AuthorEwald, Christian-Oliver

    In 2018 the Norwegian trader Einar Aas has had a fantastic run on simultaneously trading electricity futures on the Nordic and German markets. He seemed to effortlessly exploit differentials in the risk premia in Nordic and German electricity futures, hoping that over time, due to better integration of the two markets, these differentials would diminish. Even though the exact nature of his trades is unknown, at least to the authors, his basic idea was to enter the market with a long-short position in Nordic vs. German electricity futures when the futures price spread, and therefore the spread in the risk premia, was high, and then wait for the price spread to diminish and close out the position at a large profit. (1) In principle electricity can be carried from the Nordic to the German region and vice versa, as the power grids are well connected. As one would expect that the two markets become more integrated in the future, any large spreads should decline naturally. However, Einar Aas crashed out of the market spectacularly in September 2018, as he was unable to cover a margin call when the spread unexpectedly opened up again. This created headlines in the financial press and Norwegian newspapers. Essentially a wet weather forecast for Norway in combination with rising emission prices brought his strategy to a fall. In retrospect, if it would not have been for this dramatic price change, Einar Aas would have walked away some hundreds of millions euros richer. The spread turned out to narrow again.

    The case of Einar Aas and his downfall has been prominently covered in the financial and non-financial press. However it is not the only case where energy traders failed spectacularly. The following table provides a summary of cases within the last 20 years. The case of Einar Aas' has strong resemblance with the case of Amaranth, which at a net loss of over 8 billion USD tops this list. (2)

    Further, as for the trading of electricity contracts, it is also well known that a number of other traders have adopted strategies exploiting price differentials, not only between the Nordic and German markets, but also between French and German Markets, often in combination with the purchase of transmission capacity in auction. (3) The question investigated in this article is whether price spreads on the Nordic vs. German electricity futures markets provide systematic opportunities for excessive profits. More precisely, we examine the Nordic and German electricity futures markets for the presence of any pricing anomalies that could give reason to believe that arbitrage-like strategies as the one adopted by Einar Aas are possible. The literature presents some tests for statistical arbitrage, e.g. Hogan et al. (2004) and Jarrow et al. (2012), however their assumptions are very restrictive and in many cases do not apply. We follow a different path and first assess the two markets as to whether there is in fact a systematic difference in risk premia and/or Sharpe ratios, the first signs of possible arbitrage. We then follow up on this and construct an arbitrage-seeking strategy directly. More precisely, our strategy "beats" the market in the sense of Jensen (1968). (4) In fact we present an explicit strategy and test whether this chosen strategy can produce positive alphas in the context of the Capital Asset Pricing Model (CAPM), when trading simultaneously in the Nordic and German markets. We call this the Einar Aas experiment.

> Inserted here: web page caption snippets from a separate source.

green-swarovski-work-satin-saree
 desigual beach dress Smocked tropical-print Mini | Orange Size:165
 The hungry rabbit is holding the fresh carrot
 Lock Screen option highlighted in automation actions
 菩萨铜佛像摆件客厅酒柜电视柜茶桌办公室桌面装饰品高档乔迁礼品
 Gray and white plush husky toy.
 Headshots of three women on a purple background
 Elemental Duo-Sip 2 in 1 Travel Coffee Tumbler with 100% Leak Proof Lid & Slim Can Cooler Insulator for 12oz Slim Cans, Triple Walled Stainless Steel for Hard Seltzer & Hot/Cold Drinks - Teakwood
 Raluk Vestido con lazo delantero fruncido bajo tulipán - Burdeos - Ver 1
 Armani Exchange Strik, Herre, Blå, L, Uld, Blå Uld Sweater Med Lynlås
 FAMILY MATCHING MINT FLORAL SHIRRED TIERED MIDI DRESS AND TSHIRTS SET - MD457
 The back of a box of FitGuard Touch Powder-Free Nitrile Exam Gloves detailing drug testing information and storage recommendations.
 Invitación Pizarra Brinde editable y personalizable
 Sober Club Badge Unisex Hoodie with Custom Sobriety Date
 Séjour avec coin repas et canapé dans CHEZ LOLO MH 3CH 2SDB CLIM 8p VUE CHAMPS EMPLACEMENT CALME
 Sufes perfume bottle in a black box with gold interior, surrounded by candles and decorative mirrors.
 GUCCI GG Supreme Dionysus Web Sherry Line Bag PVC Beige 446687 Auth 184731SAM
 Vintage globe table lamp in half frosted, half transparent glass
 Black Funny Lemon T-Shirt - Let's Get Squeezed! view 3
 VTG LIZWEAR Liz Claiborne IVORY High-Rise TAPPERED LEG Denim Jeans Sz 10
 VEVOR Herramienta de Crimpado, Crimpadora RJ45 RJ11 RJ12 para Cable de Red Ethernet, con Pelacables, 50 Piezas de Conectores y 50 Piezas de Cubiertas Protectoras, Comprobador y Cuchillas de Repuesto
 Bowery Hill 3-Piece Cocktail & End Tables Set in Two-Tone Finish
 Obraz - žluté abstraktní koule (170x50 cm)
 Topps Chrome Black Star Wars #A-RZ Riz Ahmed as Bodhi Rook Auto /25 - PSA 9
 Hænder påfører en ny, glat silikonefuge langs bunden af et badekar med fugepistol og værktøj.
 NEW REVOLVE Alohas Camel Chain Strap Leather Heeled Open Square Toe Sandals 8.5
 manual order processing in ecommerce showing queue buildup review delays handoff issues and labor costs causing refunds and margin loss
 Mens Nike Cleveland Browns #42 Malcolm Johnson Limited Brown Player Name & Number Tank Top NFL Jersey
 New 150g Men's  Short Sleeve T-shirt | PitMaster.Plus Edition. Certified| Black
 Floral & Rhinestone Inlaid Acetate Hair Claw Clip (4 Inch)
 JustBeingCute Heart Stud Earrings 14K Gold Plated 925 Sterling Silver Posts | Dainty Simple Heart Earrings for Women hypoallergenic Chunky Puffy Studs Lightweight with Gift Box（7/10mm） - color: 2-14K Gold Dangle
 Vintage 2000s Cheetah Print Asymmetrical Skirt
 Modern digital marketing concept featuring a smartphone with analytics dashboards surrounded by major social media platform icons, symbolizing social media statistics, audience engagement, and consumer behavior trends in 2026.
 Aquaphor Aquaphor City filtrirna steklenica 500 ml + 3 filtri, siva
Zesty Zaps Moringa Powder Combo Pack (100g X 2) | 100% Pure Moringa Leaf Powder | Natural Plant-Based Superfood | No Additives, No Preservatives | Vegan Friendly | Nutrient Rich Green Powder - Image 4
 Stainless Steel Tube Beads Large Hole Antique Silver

    We look at time series of Nordic and German electricity futures prices between 2010 and 2018 and estimate risk premia and Sharpe values in various ways. The data are daily data for all monthly Nordic and German electricity futures extracted from the Refinitiv database. We conclude that there is a significant difference, which shows more clearly at different periods during the time span investigated.

    There are a number of studies that have previously examined the presence of risk premia in electricity futures prices traded in the Nordic and German financial power markets. For some examples see Pietz (2009), Botterud et al. (2010), Viehman (2011), Haugom et al. (2014), Weron and Zator (2014) and Haugom et al. (2018). The general conclusions in most of these studies are that there exist risk premia which are related to the term structure, seasonality, or both. Additionally, there are also some studies suggesting that risk premia are directly related to fundamental risk factors in the various markets. However, to our knowledge, no previous study has systematically examined how the risk premia in the two markets move together and whether it is possible to exploit this in trading.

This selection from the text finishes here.